Dude, you and Lady falsely attributed comments to me, lied about me and, when that didn't work, Lady bailed out and you moved the goalposts.


----------



## WinterBorn (Sep 19, 2016)

Divine.Wind said:


> G.T. said:
> 
> 
> > to each their own, i dont have a problem with that crowd, lol..
> ...



That was not the only time you claimed D/s was the same as S&M.   

Lingo?    Words actually have meanings.  When you decide you get to change that meaning, don't get pissy when people call you on it.


----------



## Divine Wind (Sep 19, 2016)

G.T. said:


> cool well..
> 
> that all said, have you ever tried ice cubes on a woman? she hate loves it.

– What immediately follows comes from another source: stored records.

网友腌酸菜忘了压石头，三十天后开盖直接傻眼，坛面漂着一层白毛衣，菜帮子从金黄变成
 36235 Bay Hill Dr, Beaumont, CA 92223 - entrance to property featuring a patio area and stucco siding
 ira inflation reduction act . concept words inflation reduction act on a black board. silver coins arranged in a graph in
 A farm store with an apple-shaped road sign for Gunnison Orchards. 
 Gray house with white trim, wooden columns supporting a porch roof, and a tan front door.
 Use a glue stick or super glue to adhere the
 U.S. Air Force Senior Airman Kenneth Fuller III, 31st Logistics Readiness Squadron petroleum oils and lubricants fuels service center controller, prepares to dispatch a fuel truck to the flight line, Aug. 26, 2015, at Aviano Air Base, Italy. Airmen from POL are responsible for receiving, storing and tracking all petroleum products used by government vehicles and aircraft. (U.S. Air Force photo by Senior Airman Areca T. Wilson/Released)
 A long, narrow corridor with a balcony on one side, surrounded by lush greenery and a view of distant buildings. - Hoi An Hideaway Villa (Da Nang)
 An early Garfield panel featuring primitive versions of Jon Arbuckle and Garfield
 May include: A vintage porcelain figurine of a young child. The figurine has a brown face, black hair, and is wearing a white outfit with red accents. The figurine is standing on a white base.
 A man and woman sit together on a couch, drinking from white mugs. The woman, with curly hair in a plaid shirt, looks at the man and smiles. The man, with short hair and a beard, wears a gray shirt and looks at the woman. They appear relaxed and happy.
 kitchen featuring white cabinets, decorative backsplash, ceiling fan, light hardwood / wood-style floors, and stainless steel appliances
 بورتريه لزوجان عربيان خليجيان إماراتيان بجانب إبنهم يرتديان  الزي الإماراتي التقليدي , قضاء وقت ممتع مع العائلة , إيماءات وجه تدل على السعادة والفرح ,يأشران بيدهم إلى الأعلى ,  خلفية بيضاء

Yes, in college.  Ever joined the Mile High Club when you were the pilot of the airplane?


----------



## Divine Wind (Sep 19, 2016)

WinterBorn said:


> That was not the only time you claimed D/s was the same as S&M.
> 
> Lingo?    Words actually have meanings.  When you decide you get to change that meaning, don't get pissy when people call you on it.


There ya go again!


----------



## WinterBorn (Sep 19, 2016)

Divine.Wind said:


> WinterBorn said:
> 
> 
> > As do I.   The difference is that I have not claimed you are intolerant or want to control what people do.
> ...



You did claim D/s is S&M. 

Then you started claiming I was trying to control what people do.   Don't try and put this back on anyone else.


----------



## WinterBorn (Sep 19, 2016)

Divine.Wind said:


> WinterBorn said:
> 
> 
> > That was not the only time you claimed D/s was the same as S&M.
> ...



Yep, there I go pointing out facts.


----------



## Divine Wind (Sep 19, 2016)

WinterBorn said:


> You did claim D/s is S&M.
> 
> Then you started claiming I was trying to control what people do.   Don't try and put this back on anyone else.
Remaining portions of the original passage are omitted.